The only exception to using words from Shakespeare's sonnets is for rhyming. Because lines are built from the front (while it could be done from the back, it would then be harder to use a Shakespeare word to start a line which helps the entire poem make more sense), sometimes a rhyming word used by Shakespare is not available to finish a line. In that case a rhyming dictionary finds a word that starts with the correct stress, fits the syllable count, and then uses that word to finish the line. While this will occasionally make the poem make less sense and rarely make it not perfect iambic pentameter, a rhyme is ensured.
If nothing fits that line, the poem is just thrown out and a new one is generated. This is fairly rare, however.
###User Experience After building the database (which takes a few seconds), the user is prompted for a theme.

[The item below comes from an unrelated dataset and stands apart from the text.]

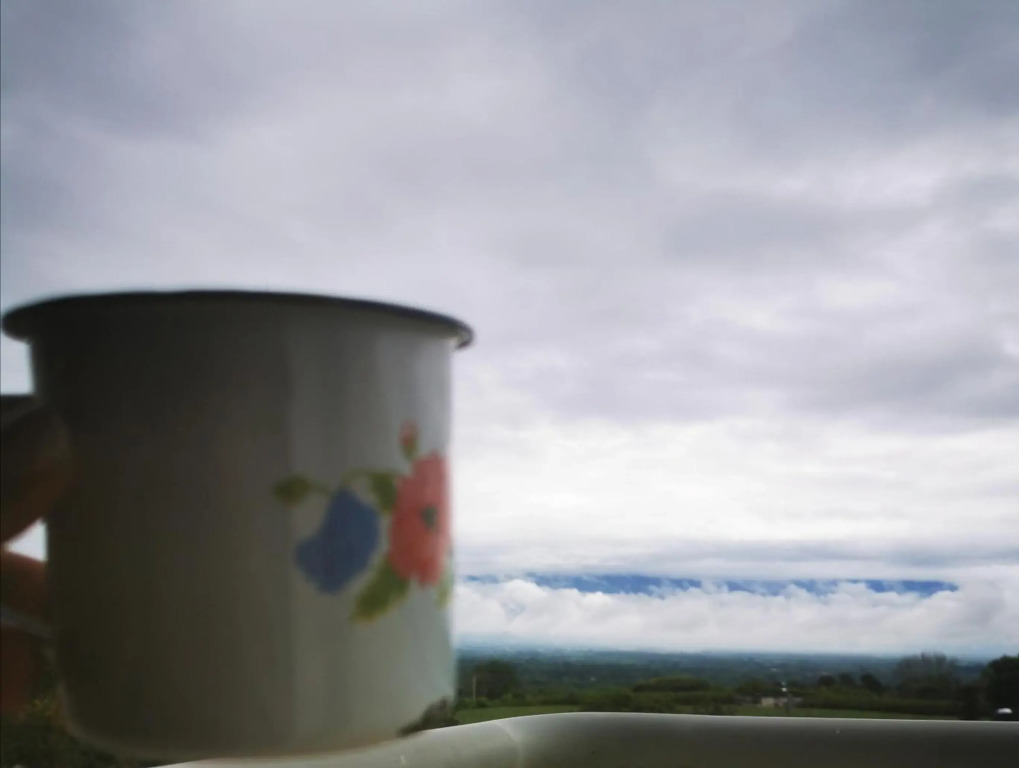 Guaduales del café 511 A en montenegro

If they choose to not enter a theme, the computer will just build a poem using a completely random words. If, however, they choose to enter a theme all synonyms and related words that Shakespeare also has used to start a line are used to start lines in the computer's poem. Some themes simply do not work with the training set in which case the user is informed the theme is invalid and the computer just writes their own poem. The computer will continue to create poems as prompted to the user unless the enters "done" instead of a theme in which case the program terminates. This allows the databse to not be built multiple times.

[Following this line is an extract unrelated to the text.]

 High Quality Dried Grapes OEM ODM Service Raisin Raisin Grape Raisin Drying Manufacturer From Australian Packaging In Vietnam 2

###Tools and Libraries The program was written entirely in Python Version 2.7.6 with the use of external libraries. The external libraries are as follows:
-
- PyTrie implements a Trie. It is used instead of a Dictionary to store the syllable mappings (a pronunciation guide) and the syllable count of each word. Due to the large volume of words in the English language it is more efficient than a Dictionary due to the amount of RAM that would be necessary for a simple dictionary.
-
- Big Huge Thesaurus is used as an API to get related words to the theme. If the user enters a theme, all synonyms are found using their API to maximize the occurence of words related to that theme.
-
- If the end of a line is occuring without the Markov chain leading to a potential rhyme then a rhyming word is found using the Rhyme Brain API that can be inserted to finish a line while preserving rhyme.
-
- The Rhyme Brain API uses a simple HTTP GET request for it's API. To make this process cleaner, the requests HTTP library for Python is used.
In addition to technical libraries, external documents are used as resources to assist in the development process. Namely, a pronounciation and stressed syllable dictionary from CMU and the training text of all of Shakespeare's sonnets.

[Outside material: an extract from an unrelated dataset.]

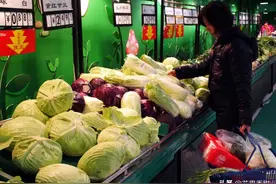 “向前葱”、“蒜你狠”、“姜你军”，以后还会出现吗？图片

###Known Issues and Areas For Improvement One of the bugs commonly seen early on is the disparity between the CMU dictionary and the words used in Shakespeare's work. To accomodate words not common to both are just thrown out. However, some words are in the dictionary, but Shakespeare adds a "st" to them (such as in bestow'st). To do this the program accomodates by throwing out the " 'st " to access the modern dictionary and just adding a syllable. However, this can mess up rhyming. A fix is possible as it is just a special case, but unfortunately I didn't have enough time to add this fix and therefore sometimes rhyming is slightly off.
As well, sometimes pathways lead nowhere causing an error in the program. Currently, the poem is just thrown out and a new one is produced (this is fairly rare), but if I had more time a more sustainable solution using foresight would be included instead.
The biggest area for improvement would actually be in the general strategy. Instead of just building from the front (or choosing to build from the back to ensure rhyming) the best would be to build from both and "meet in the middle". This would ensure a pure Shakesparean vocabulary, but once again could not be implemented due to time concerns.
As well, to further the quality of the words used if I had more time I would add in the training text of every single Shakespearean play. The reason this isn't that simple is I would need to write a script to scrape the text off of the web and then remove character names. This isn't necessarily complex, but I chose to allocate my time to the actual development of the program.